Take the line that holds "Taxidermist" and every line after it to the end of the entries, and repeat them exactly without the pictures.
══════
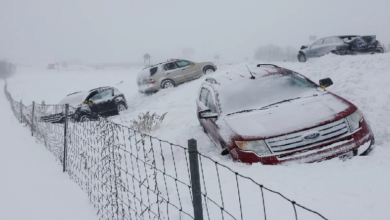 En los EE.UU. aproximadamente 13 personas fallecieron debido a la tormenta invernal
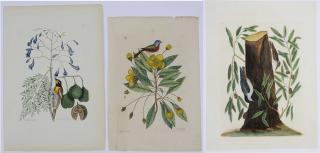 Appraisal: Mark Catesby British - Three prints The Painted Finch T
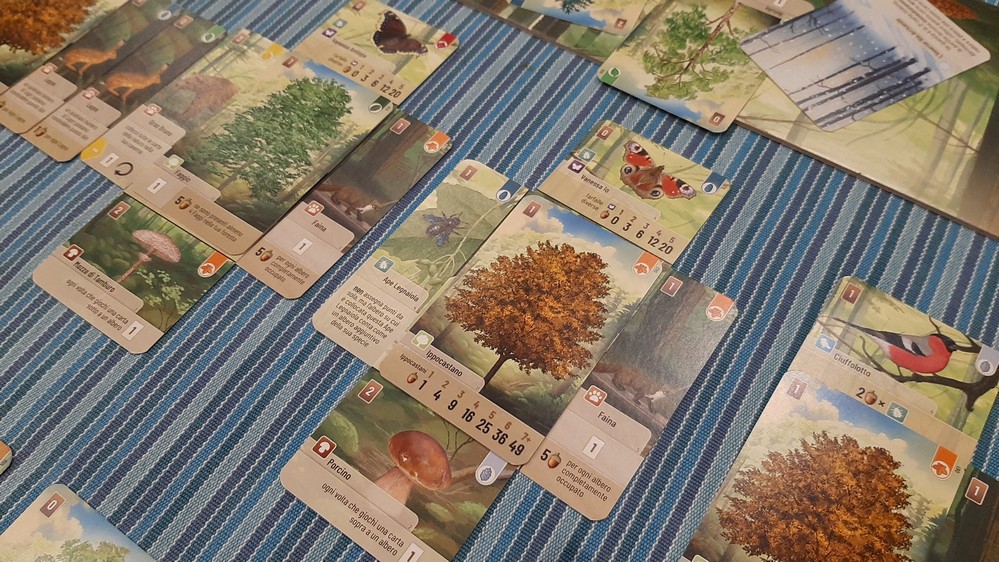 forest shuffle albero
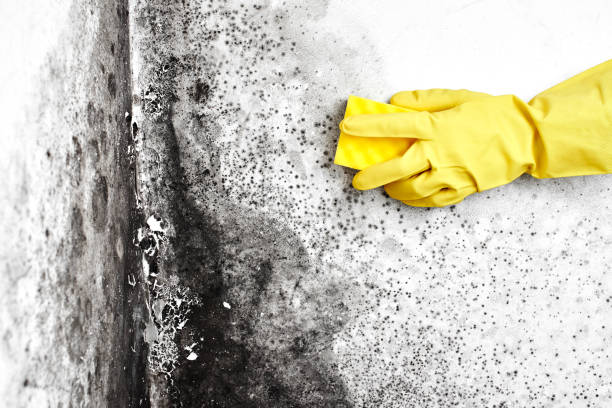 Best Black Mold Removal  in Reading, PA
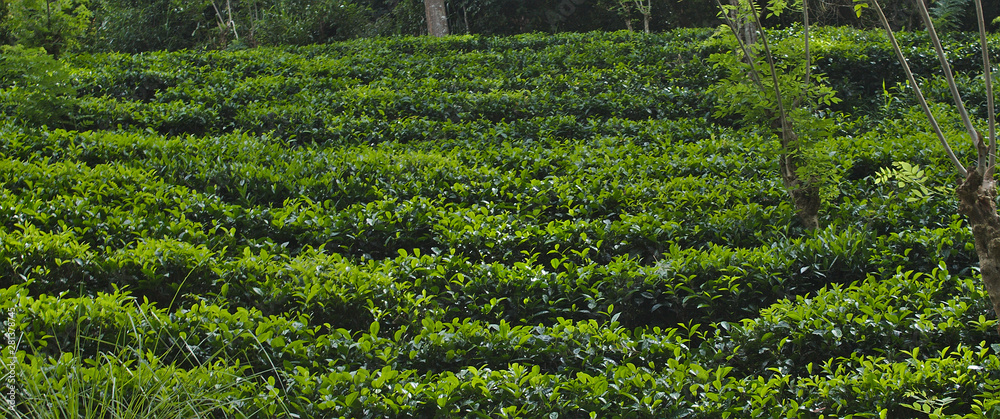 Beautiful Green Tea plantation landscape in Sri Lanka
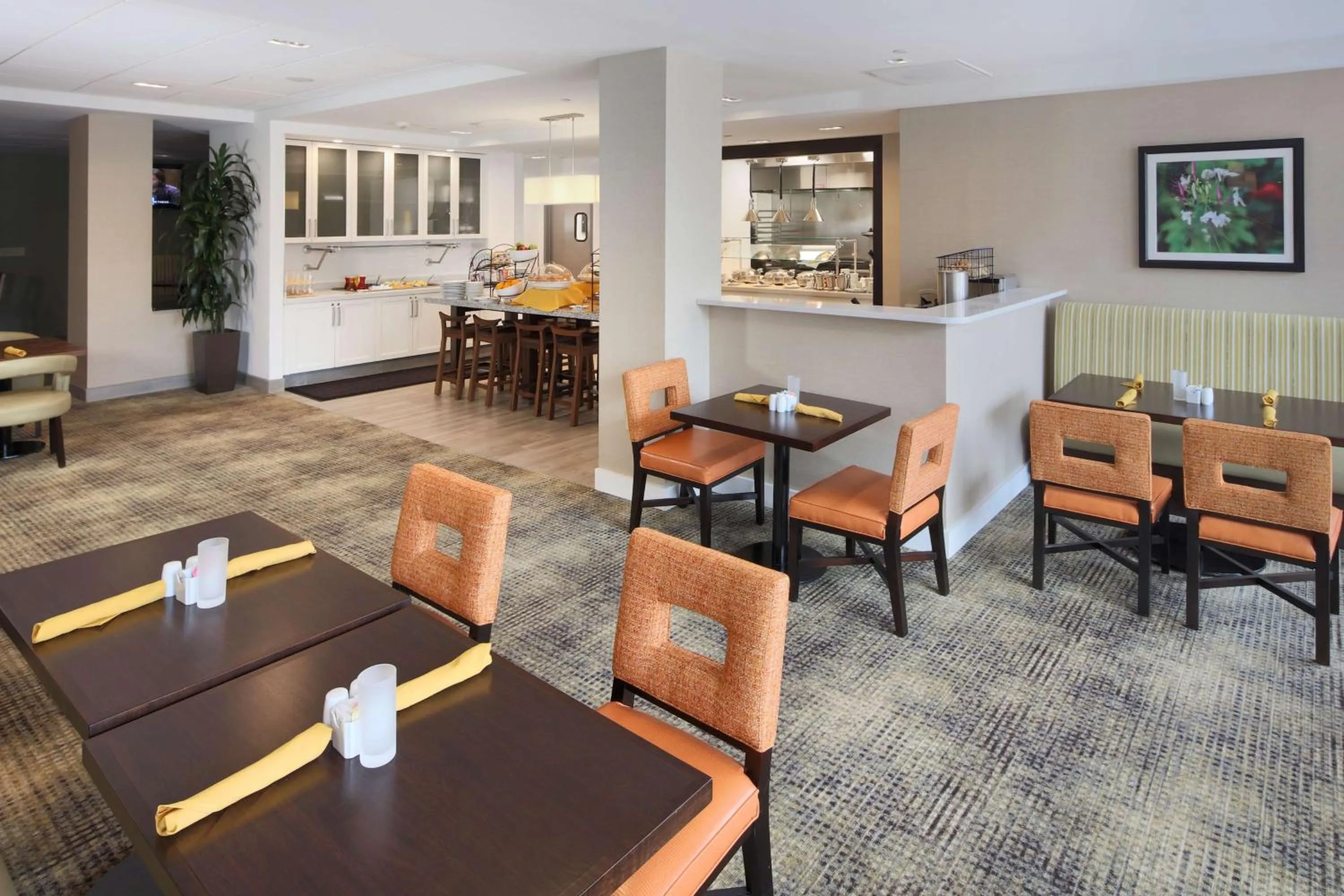Restaurant/places to eat in Hilton Garden Inn Reagan National Airport
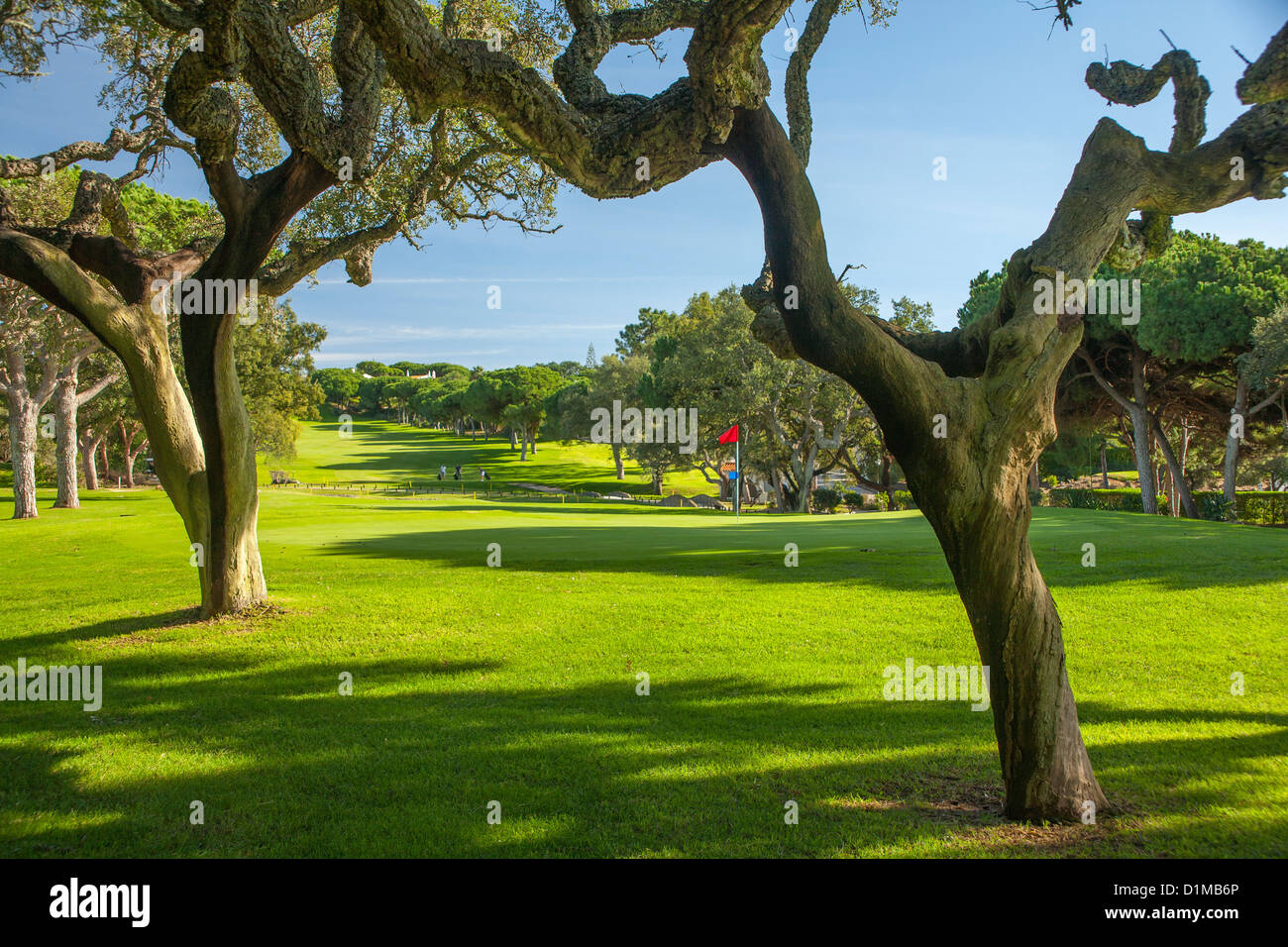 Golf avec chênes noueux autour de vert et d'un drapeau Banque D'Images
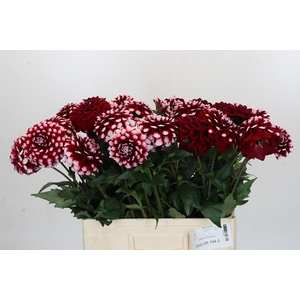 Dahlia Checkers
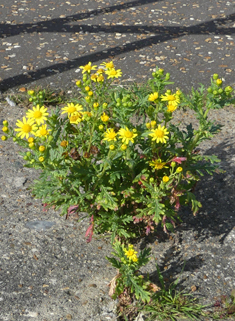 Oxford Ragwort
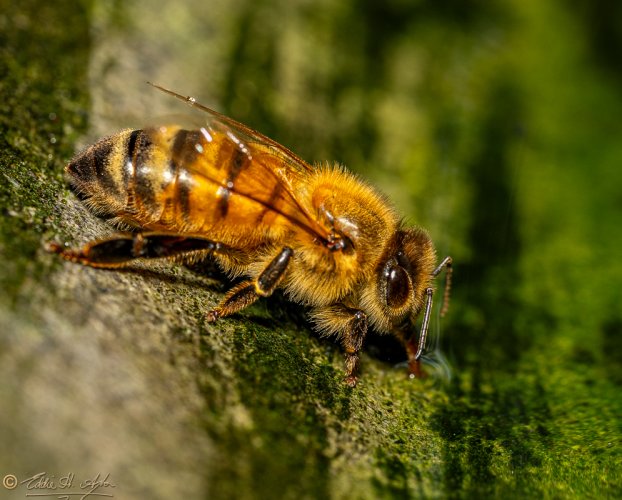 Honeybee Taking a Sip at the Fountain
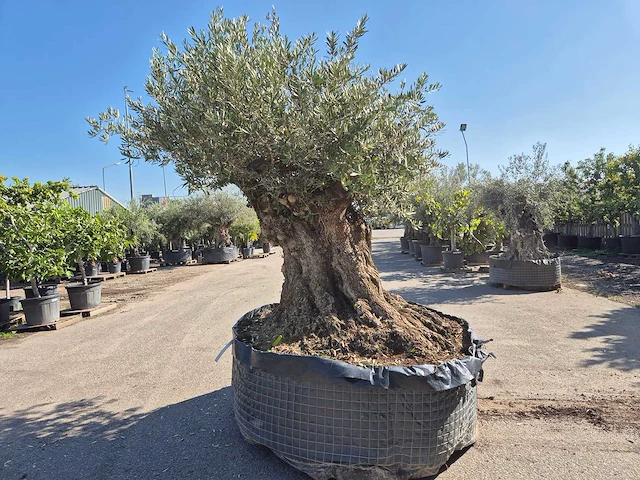Olijfboom bonsai xxl - olea europaea - 200 jaar oud - hoogte ca. 280 cm - afbeelding 9 van  9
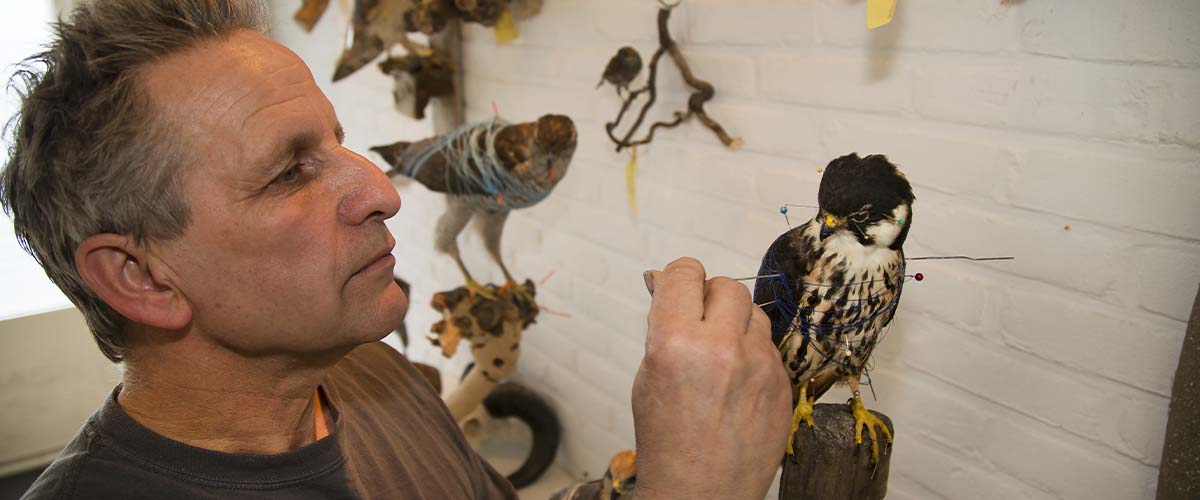 Taxidermist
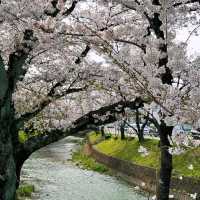 🌸名古屋旁竟藏著這等賞櫻寶地！犬山強推！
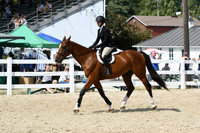 HSM_9299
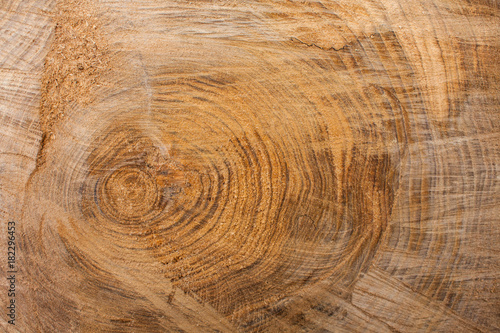Wood texture background, wooden bark close up. Grunge textured image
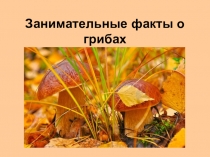 Презентация по биологии на тему: Занимательные факты о грибах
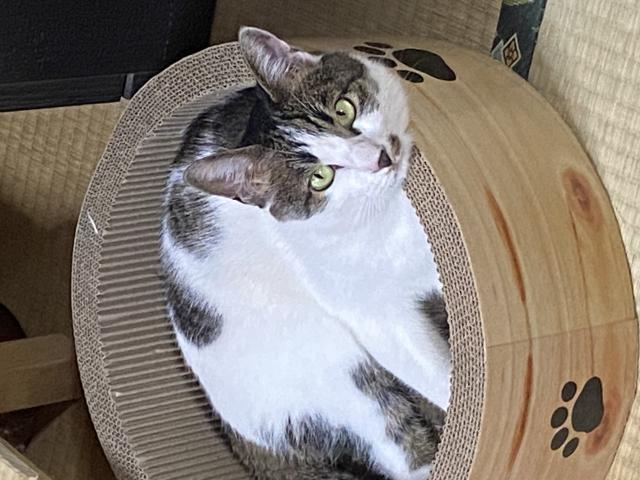 迷子猫の写真3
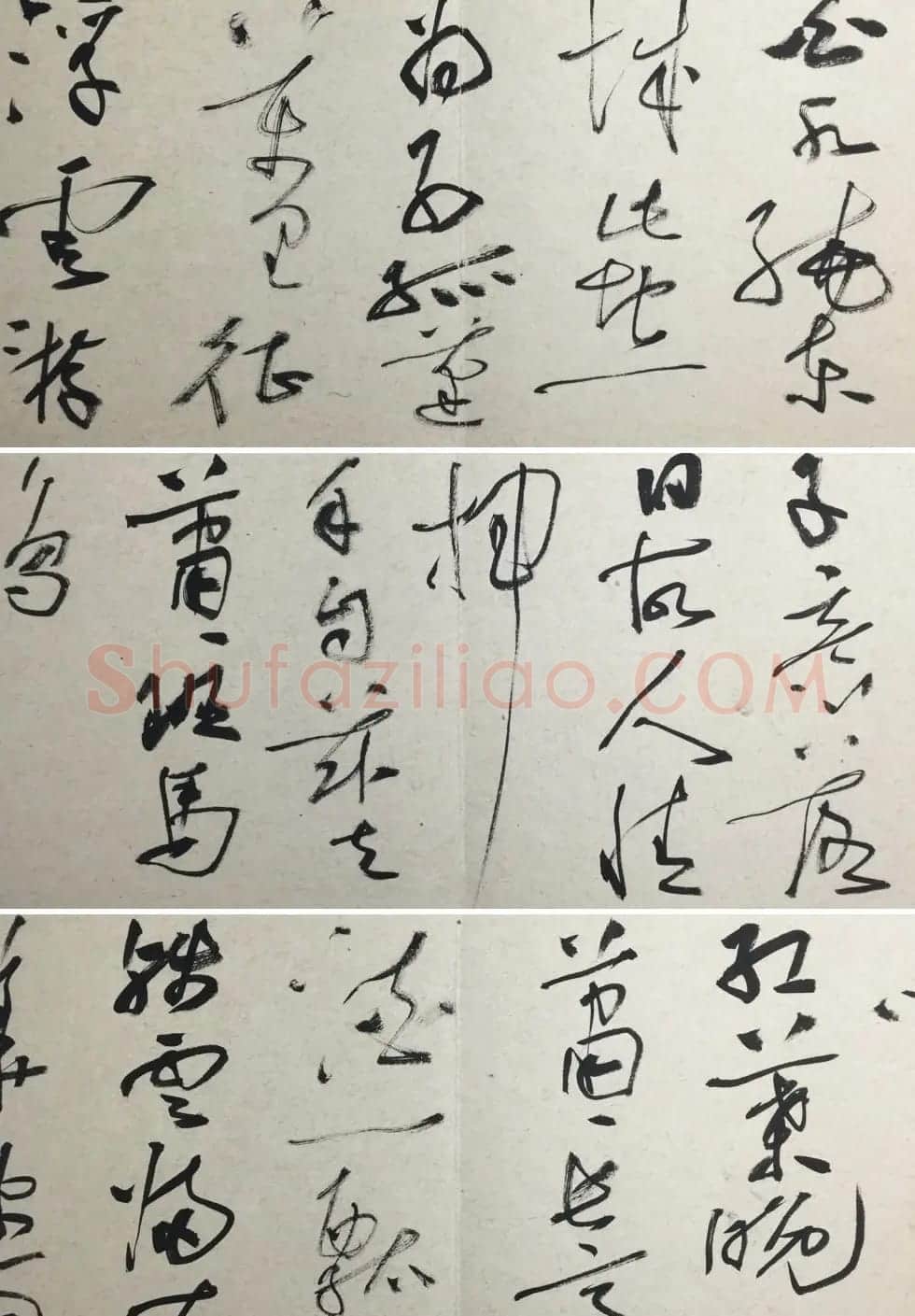 知镰草书册页《金泽珊大草诗册》 | 毛笔书法作品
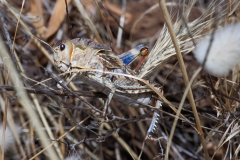 Prionotropis appula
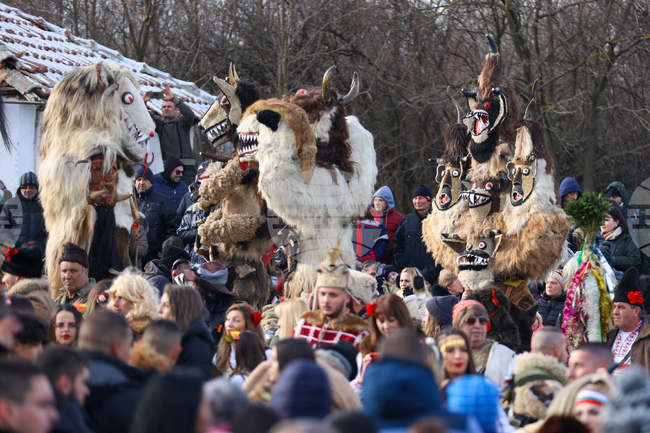 Село Ярджиловци - Сурва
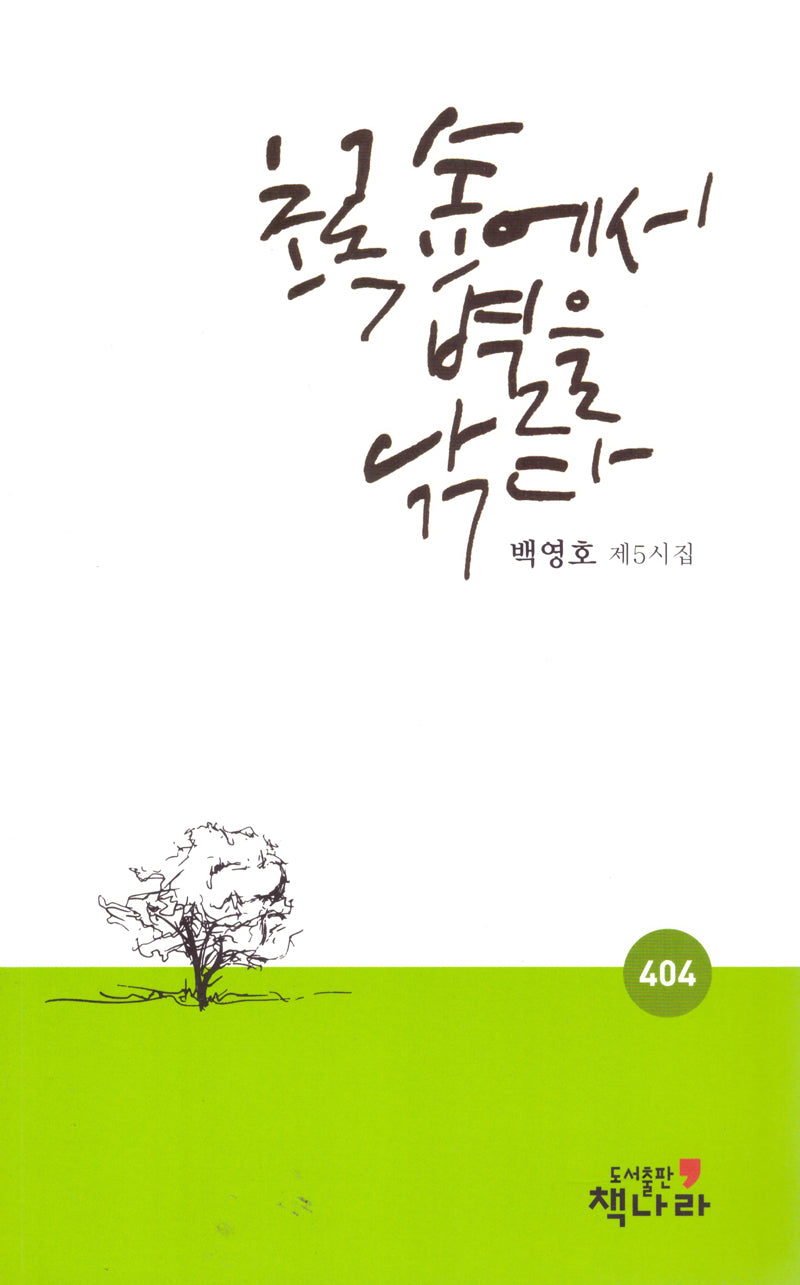 초록 숲에서 별을 낚다(404)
══════
#### Written response:
 Taxidermist
 🌸名古屋旁竟藏著這等賞櫻寶地！犬山強推！
 HSM_9299
Wood texture background, wooden bark close up. Grunge textured image
 Презентация по биологии на тему: Занимательные факты о грибах
 迷子猫の写真3
 知镰草书册页《金泽珊大草诗册》 | 毛笔书法作品
 Prionotropis appula
 Село Ярджиловци - Сурва
 초록 숲에서 별을 낚다(404)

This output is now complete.